Pandemide Terapist Olmak
Tüm dünyaya yayılan Covid-19 Pandemisi nedeniyle olağandışı günlerden geçtik, geçiyoruz. Yaşadığımız küresel salgın, yoğun bir stres kaynağı olarak her birimizin ailesini, işini ve yaşamını etkileyen, varlıklarını tehdit eden, sıkıntı verici niteliği olan bir travmadır. Bu örseleyici yaşam deneyimine bireyler, gruplar ve toplumlar sürecin farklı dönemlerinde farklı ruhsal tepkiler göstermeye devam ediyor. Bu bağlamda psikoterapistlerin de süreçten etkilenmesi kaçınılmaz oldu.

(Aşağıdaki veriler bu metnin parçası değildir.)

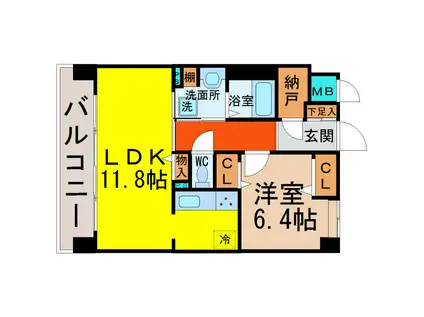 メゾングランドゥール(1LDK/8階)の間取り写真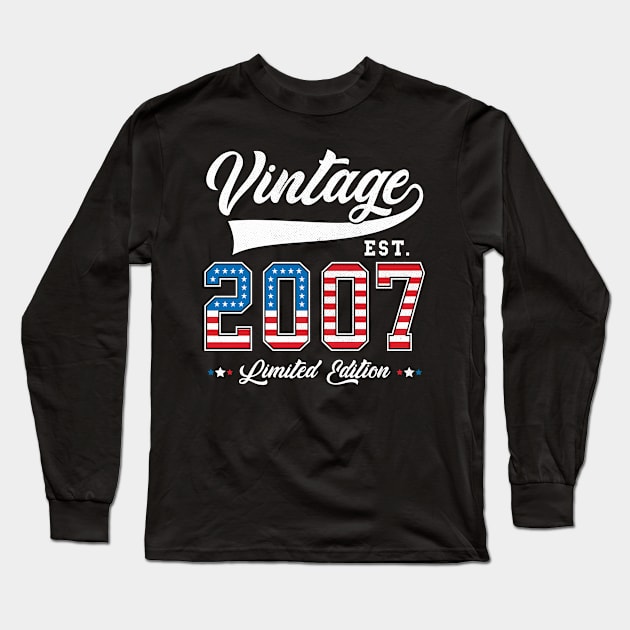 16th Birthday Patriotic Vintage 2007 USA Flag 4th of July Long Sleeve T-Shirt by BramCrye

‘Mutlu bireyler, sağlıklı aileler ve huzurlu bir toplum için…’ sloganıyla yürüttüğü çalışmaları ile tanınan Aile Terapileri ve Terapistleri Derneği (TERAPİDER), pandemi dönemindeki psikoterapi süreçleri ile ilgili gündeme dair çarpıcı bir açıklamada bulundu. ‘Her salgın eski bir şeyleri siler, yeni bir hayat başlatır’ yaklaşımının korona virüs pandemisi için de geçerli olduğunu belirten TERAPİDER, konu ile ilgili yaptığı açıklamada şu ifadelere yer verdi; “Aylarca evlere kapandık, sevdiklerimizle ancak cep telefonlarıyla iletişim kurabildik. Bırakın sarılmayı dokunamadık bile birbirimize. Belirsizlik ve çaresizliğin yarattığı panik atak, depresyon ve kaygı bozukluğuyla ilk kez tanışanlar olduğu gibi pek çok kişi, geçmişte deneyimlediği bu sorunlarla yeniden yüzleşmek zorunda kaldı. Bu artışa OKB (Obsesif Kompulsif Bozukluk) vakalarını da ekleyebiliriz. Üstelik sadece hastalığın tehdidi ile değil, pek çok kişi yakınlarının hastalığı ya da kaybının yüküyle de başa çıkma zorluğuyla karşı karşıya kaldı. Alışık olunmadık biçimde sürekli evde maaile yaşama çabaları, aile içi çatışmaları ve huzursuzlukları zirveye taşıdı. Tüm bunlarla baş edebilme potansiyelimize göre birçoğumuz sevdiklerimizle ilgili korku ve endişe, uyku ya da yeme düzeninde değişiklikler, uyumakta ya da konsantre olmakta zorluk, kronik sağlık sorunlarının kötüleşmesi, alkol, tütün veya diğer ilaçların kullanımının artması gibi sorunlara maruz kaldık. Bu süreçte ruhsal hastalıklar bakımından; mevcut veya geçmişte ruhsal hastalığı bulunanlar, sağlık çalışanları, alkol ve madde bağımlılığı olan kişiler, gebeler, postpartum dönemdeki kadınlar (lohusalar), bilişsel bozukluğu olanlar, azınlık grupları ve yaşlı kişiler daha büyük sıkıntılarla yüz yüze kaldı. Üstesinden gelmek için çeşitli yollar denesek de pek çoğumuzun imdadına terapiler ve terapistler yetişti. Yüz yüze seansların yerini de çoğunlukla online seanslar aldı.’’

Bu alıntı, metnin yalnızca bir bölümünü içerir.